> **Problem**
With pictures excluded, copy word for word the lines in the data below from the line containing "Turn down for what - TekRicket edition!" through the line containing "Mercedes-benz s class".

> **Data to examine**
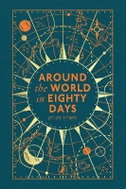 Around the World in Eighty Days - Kniha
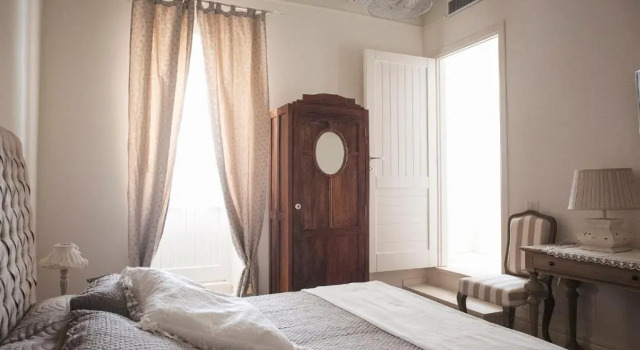 B&B Il Fosso Bianco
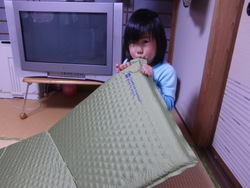 お届け物・・続き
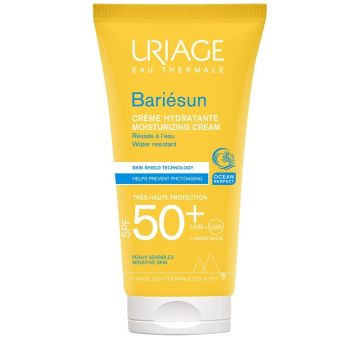 Uriage eau thermale bariesun spf50+ creme t 50 ml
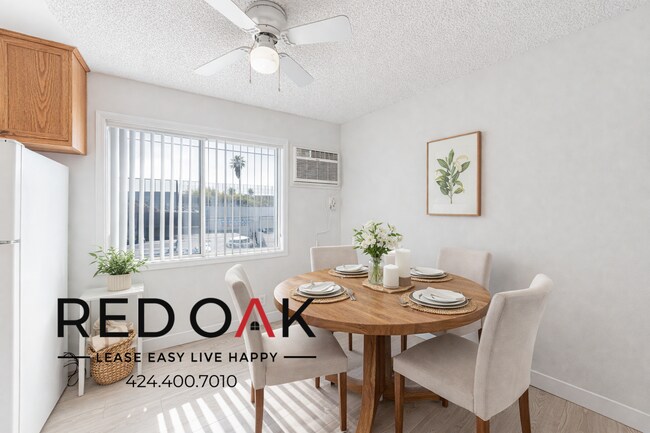 Foto del edificio - 15000 Moorpark St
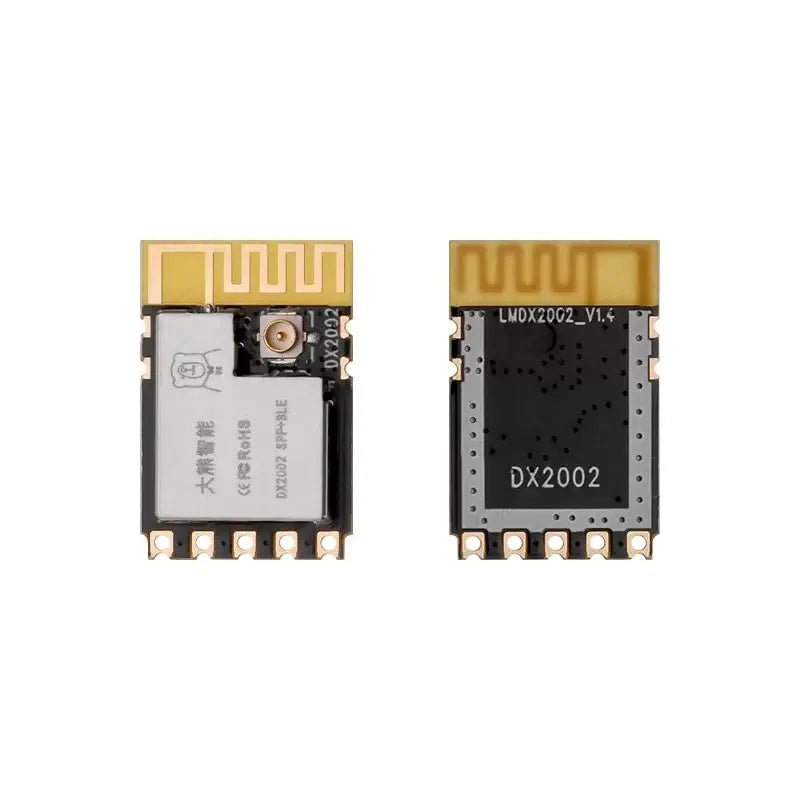 Elecrow Bluetooth デュアルモード SPP3.0+BLE5.1BMS ワイヤレスシリアルデータ 受信モジュール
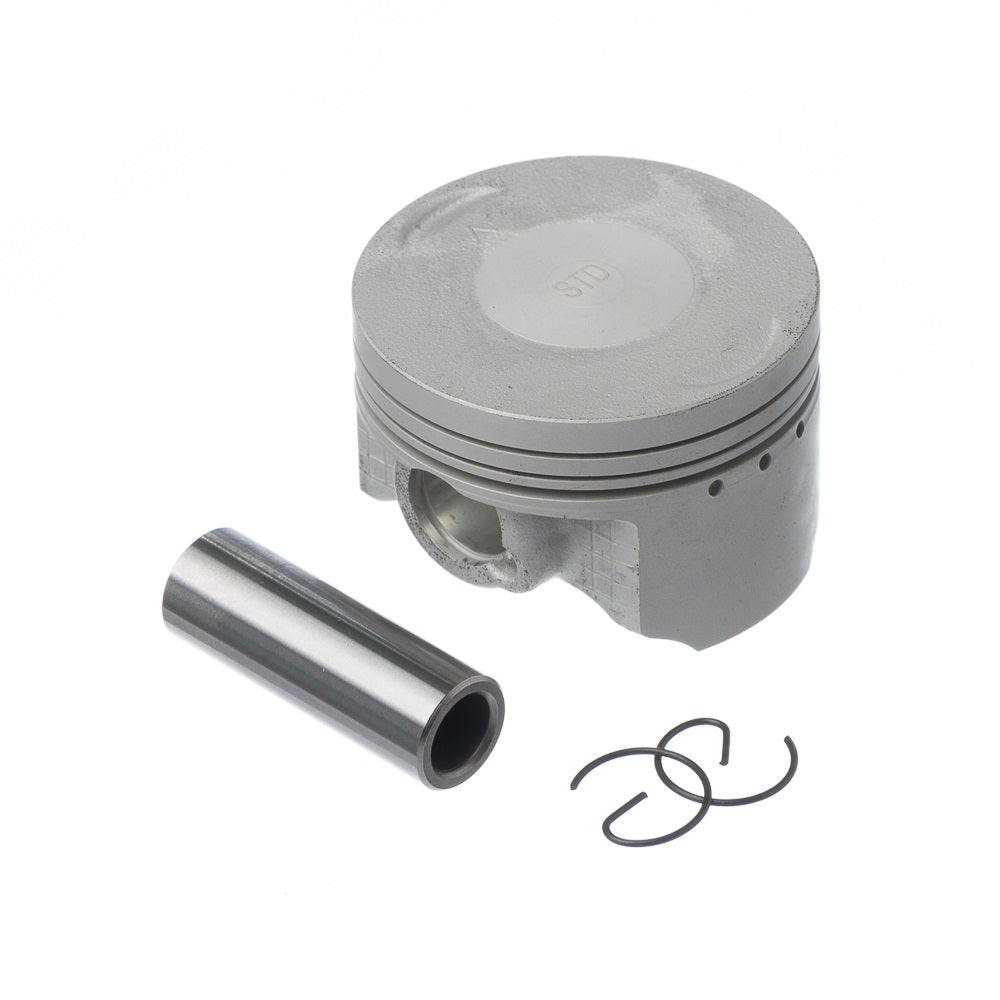 PISTAO PINO/TRAVA KMP FAZER 150 - XTZ CROSSER 150  STD
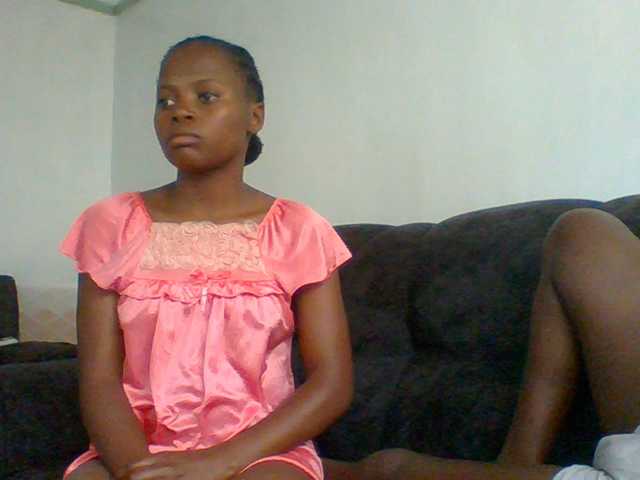 Africanspicy live cam preview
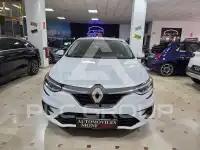 2021 Renault Megane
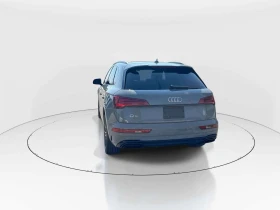 Audi Q5 45 Progressiv CARFAX, снимка 6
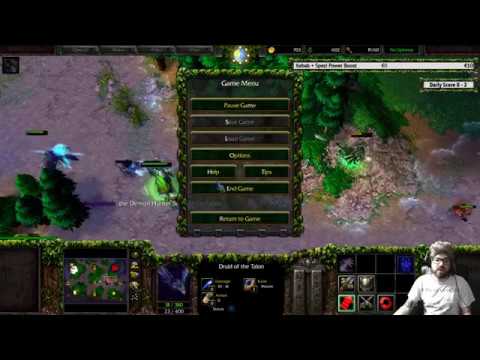 Turn down for what - TekRicket edition!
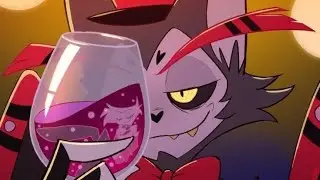 In the Dust (A Hazbin Hotel Husk Song)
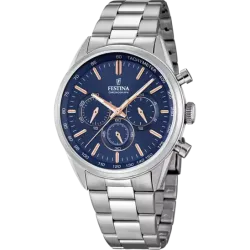 Orologio Festina Timeless F16820/A - orola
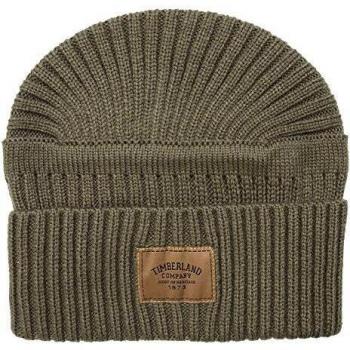 Gorro Casual Timberland Verde Oliva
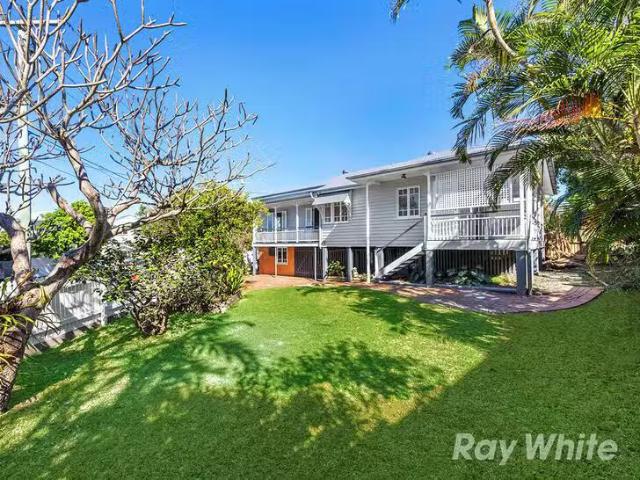 House for rent in Toombul, Queensland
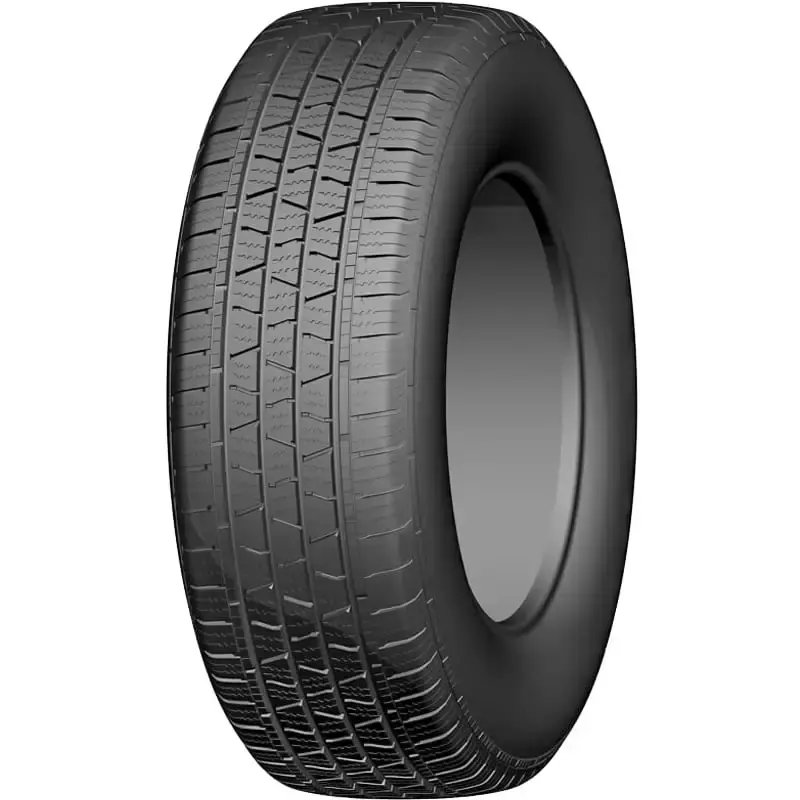 Tire Venezia Crusade H/S 245/65R17 107H AS A/S All Season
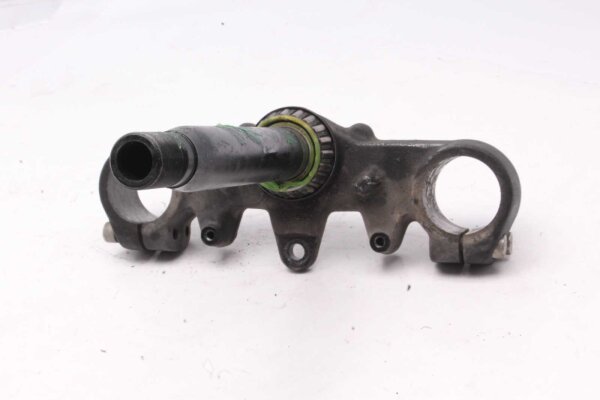 Gaffelbro under styrehovedklemmebro BMW F650GS Dakar R13 0173 00-03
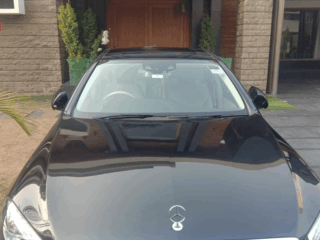 Mercedes-benz s class 350 cdi call 9501224700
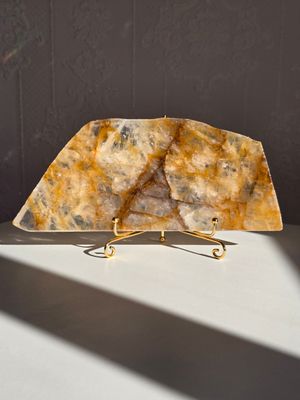 GOLDEN HEALER Slab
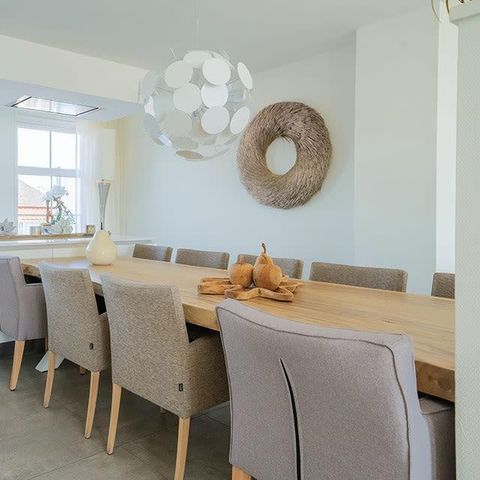 MAISON 10 personnes - Markermeer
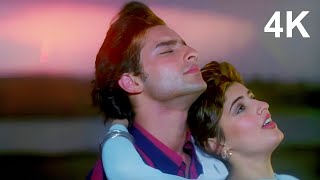 Blockbuster Song Of 90S Din Dhal A Hain Ab To Jaane Do Yaar Saif Ali Khan & Le Khanna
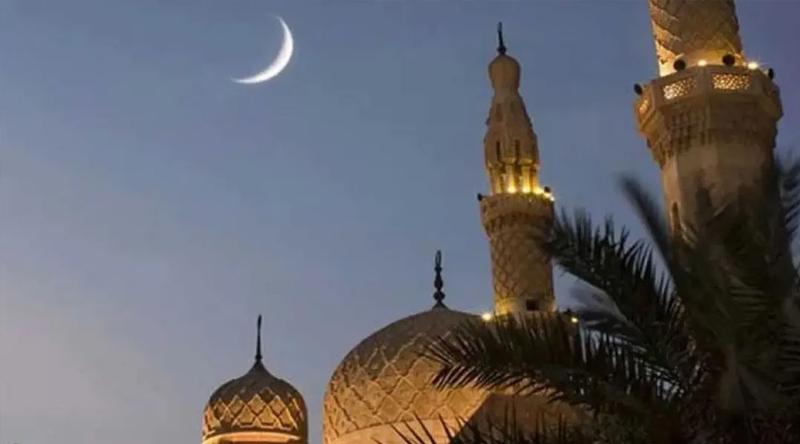 চাঁদ দেখা যায়নি, জিলকদ মাস শুরু ২০ এপ্রিল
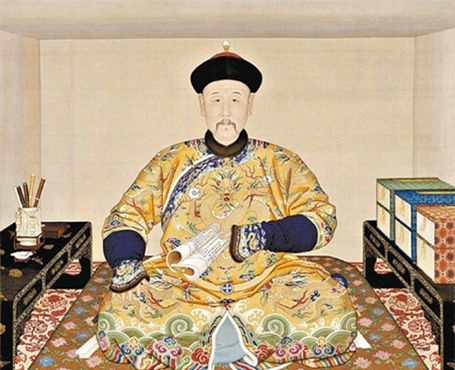 故宫里第一支消防队是谁组建的？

> **Answer section**
 Turn down for what - TekRicket edition!
 In the Dust (A Hazbin Hotel Husk Song)
 Orologio Festina Timeless F16820/A - orola
 Gorro Casual Timberland Verde Oliva
 House for rent in Toombul, Queensland
 Tire Venezia Crusade H/S 245/65R17 107H AS A/S All Season
 Gaffelbro under styrehovedklemmebro BMW F650GS Dakar R13 0173 00-03
 Mercedes-benz s class 350 cdi call 9501224700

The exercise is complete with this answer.